Cette vision du politique, qui ne peut résulter que d'une large concertation partenariale entre l'Etat et les Collectivités Territoriales d'une part et les opérateurs d'autre part, apparaît ici et là sans pour autant s'affirmer avec la vigueur nécessaire. Ainsi l'amélioration de la desserte des territoires enclavés (« 20 % du territoire et 8 % de la population », tels que l'indique le document SMSCT) est arrêtée à partir des trois objectifs suivants :

• « Prévoir les infrastructures ou services complémentaires qui apparaissent économiquement justifiés à terme pour améliorer leurs chances de développement local ;

• Favoriser les aménagements qualitatifs nécessaires pour accéder à ces territoires dans des conditions de viabilité et de sécurité convenables, lorsque leur environnement ou la faiblesse des trafics s'opposent à la réalisation d'investissements lourds ;

• Assurer la complémentarité entre les transports collectifs routiers, ferroviaires et aériens pour la desserte de certains territoires peu peuplés. »

Quelles seront en conséquence les qualités de desserte de ces territoires en 2020 ? Où se situeront les améliorations majeures ? Que peuvent espérer des bassins d'activités dont la mise à l'écart des réseaux de transport à haut niveau de service réfrène dès à présent les possibilités de développement ?

La plupart des formulations du chapitre 23 (les objectifs et actions pour la desserte des territoires), qui a vocation à préciser le contenu physique des aménagements projetés, restent délibérément vagues.
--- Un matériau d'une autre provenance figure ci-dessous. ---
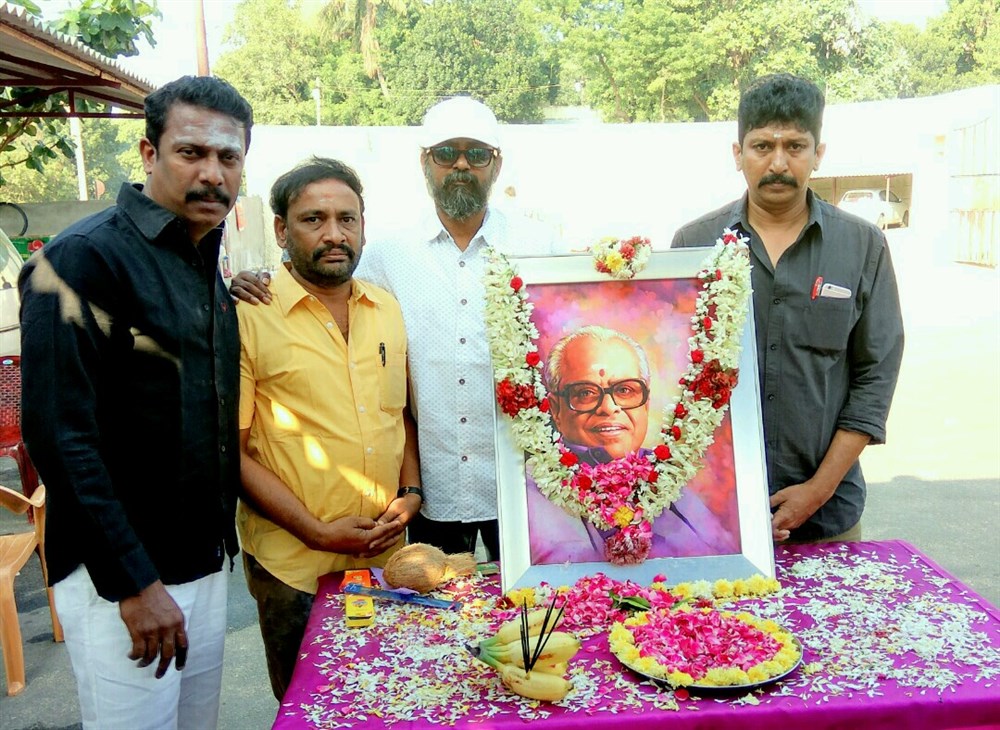 Thondan movie team paid tribute to K. Balachander on 2nd Memorial Anniversary at Thondan shooting spot. Celebs like Samuthirakani, Ganja Karuppu, R Manikandan and others graced the event. Samuthirakani,Ganja Karuppu,K Balachander,K Balachander 2nd Memorial Anniversary,K Balachander 2nd Anniversary,Samuthirakani paid tribute to K Balachander,Ganja Karuppu paid tribute to K Balachander,Thondan shooting spot,Thondan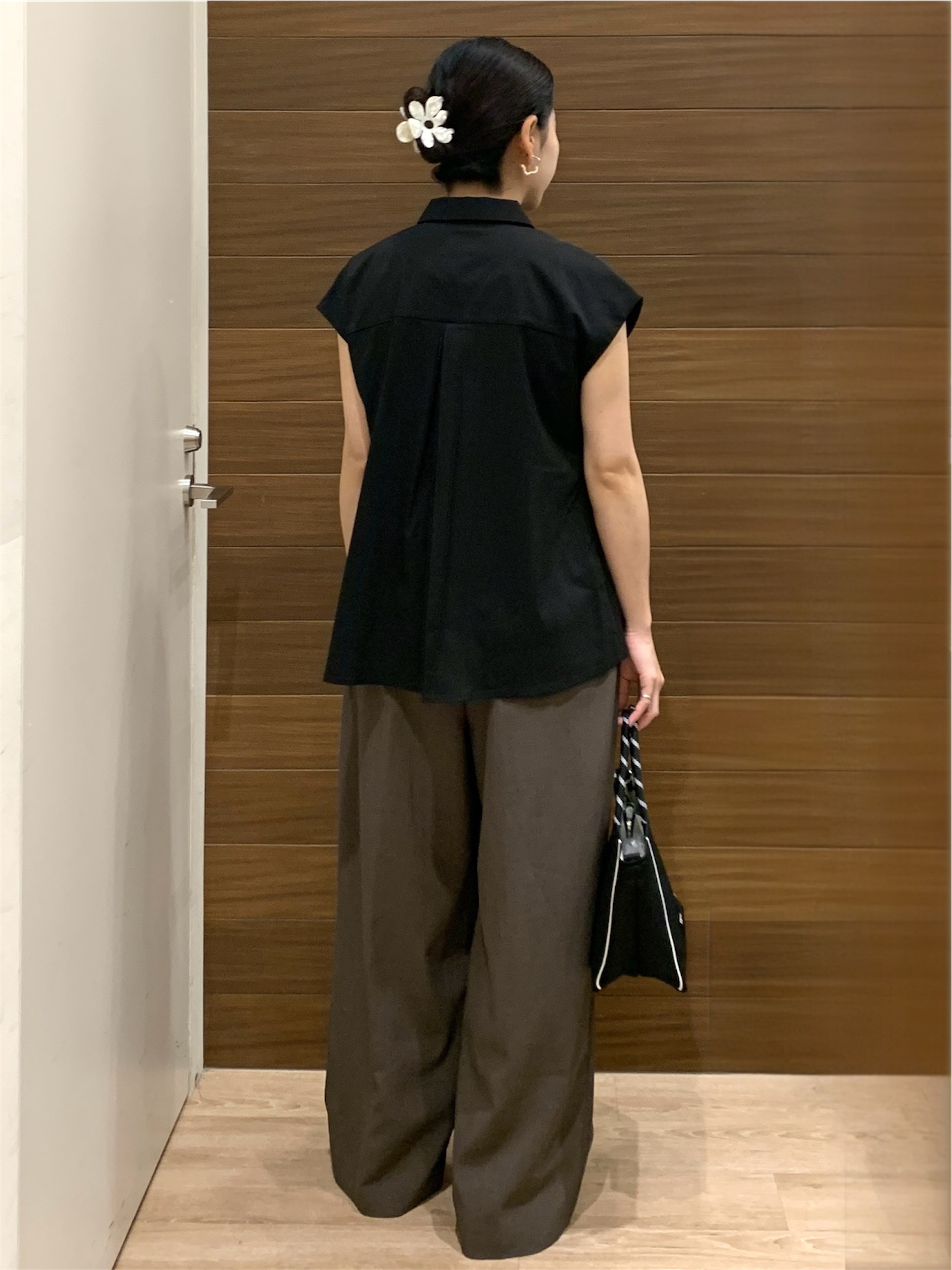 づっきーさんの「OPAQUE.CLIP｜タックペプラムブラウス【洗濯機OK】」を使ったコーディネート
Parmi bien d'autres, citons le cas de la liaison Toulouse-Lyon (RN88) qui doit largement contribuer au désenclavement de six départements (Tarn, Aveyron, Lozère, Haute-Loire, Ardèche et Loire) et dont il est dit que l'aménagement en route express à 2 fois 2 voies sera réalisé « progressivement en fonction des besoins du trafic ».

En opposition à cette démarche hésitante, rappelons le projet politique fédéral américain, lancé juste après la seconde guerre mondiale, qui visait à construire un réseau autoroutier national conçu de sorte que soient desservies par ce réseau toutes les agglomérations de plus de 50 000 habitants. C'est ainsi qu'a été réalisée en 35 ans, grâce à une vision politique forte d'aménagement du territoire, le réseau de base d'un pays immense (70 000 km d'autoroutes ont été construites) qui a reçu ainsi des infrastructures essentielles sur lesquelles ont pu s'appuyer les Collectivités Territoriales et les acteurs locaux pour favoriser le développement économique et social de leur territoire.

Il est regrettable que l'aspect novateur de ces schémas de service, dans la mesure où il donne des objectifs généraux par grands services à satisfaire et déterminent les enjeux nationaux, se réduit pour finir à une liste très générale de critères de qualité de service, alors que les chiffrages des niveaux de service attendus sont fondamentaux tant pour débattre de l'intérêt des orientations proposées que pour donner une vision claire des réels objectifs que l'Etat se fixe à l'horizon 2020.